The reinvention of the State in the face of civil society in Mexico
Diego Martín Velázquez Caballero
During the Salinas administration, the State was dismantled in the name of quality, efficiency and North American integration. The neoliberal era continued to cross time under those flags. After almost forty years, the results were terrible
As the change of government approaches in our country, the opposition to the Fourth Transformation structures the risks of the reforms promoted by López Obrador as a legacy of his political and social commitments.
The disappearance of autonomous organizations at the local and national level seems imminent; if the reform of the Judicial Branch is enough to shake the structures of the neoliberal oligarchy, with the disappearance of the civil spaces that structured the transition via competitive elections, the State shakes off foreign bodies that took away its power and sovereignty.
The changes generate uncertainty, tremendous expectations and doubts regarding the historical stature of some characters; It is true that profound changes do not depend only on those elected but on ordinary people who can cause alarm in critics.
During the Salinas administration, the State was dismantled in the name of quality, efficiency and North American integration. The neoliberal era continued to cross time under those flags. After almost forty years, the results were terrible.
With the arrival of López Obrador, the intention was to restructure state power and return to the interventionist and corrective dimension that corresponds to political society par excellence.
Is the Mexican State recovering and strengthening? It is still early to say so.
After the unjust North American intervention, it is clear that public institutions lack respect abroad and national strength is not considered under any formal criteria by the powerful neighbor to the north.

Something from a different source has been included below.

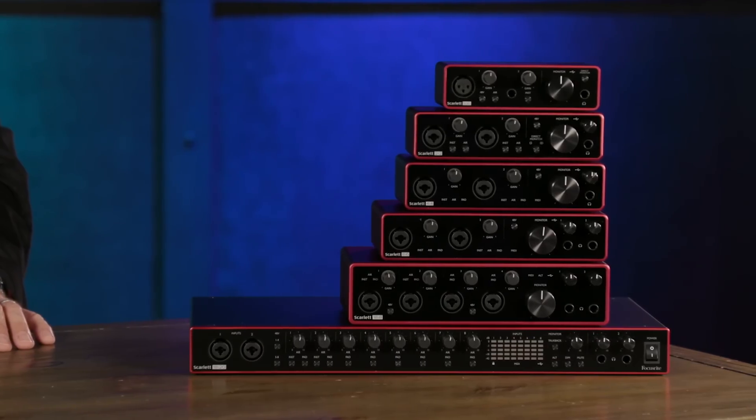All the Scarlett audio interfaces include a wide range of bundled software. Focusrite includes Pro Tools First Creative Pack, as well as Ableton Live Lite, so you've got two DAWs to choose from. They also include the Focusrite Red 2 and Red 3 plug-in suite, as well as the Soft Tube Time and Tone bundle. You can choose one of four XLN Audio's Addictive Keys instruments, and you also have access to the Focusrite plug-in collective.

However, the union of the groups and parties that make up the Fourth Transformation intend to remedy, in some way, the neoliberal counter-reforms promoted during almost six six-year terms.
The architecture of the historical rupture that is intended seems titanic, it is not a return to the past but a liberation of the State from the future; it could also be Mexico's Armageddon.
The Morena reforms have to be so that the ideas of its political proposal are carried out, if the fourth transformation does not intend to be a banal populism but the Mexican resurgence, the opportunity has its doors open.
As always, History will point out who was at the level of the demands and circumstances.